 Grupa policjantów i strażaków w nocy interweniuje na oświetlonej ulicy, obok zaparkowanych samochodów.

* * * * * * * * *

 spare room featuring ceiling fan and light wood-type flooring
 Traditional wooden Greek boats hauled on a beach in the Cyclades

* * * * * * * * *

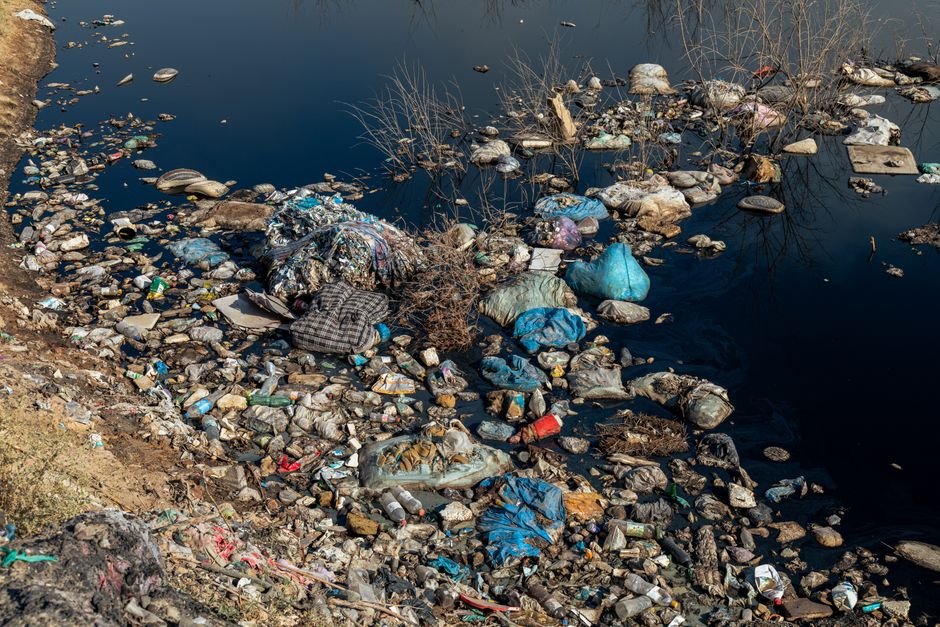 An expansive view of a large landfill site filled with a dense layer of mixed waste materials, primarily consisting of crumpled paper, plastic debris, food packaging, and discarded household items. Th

* * * * * * * * *

Work to complete: Retype, exactly and in full, the lines above from the one containing "spare room featuring" through the one containing "Traditional wooden Greek".

Answer for this exercise:
 spare room featuring ceiling fan and light wood-type flooring
 Traditional wooden Greek boats hauled on a beach in the Cyclades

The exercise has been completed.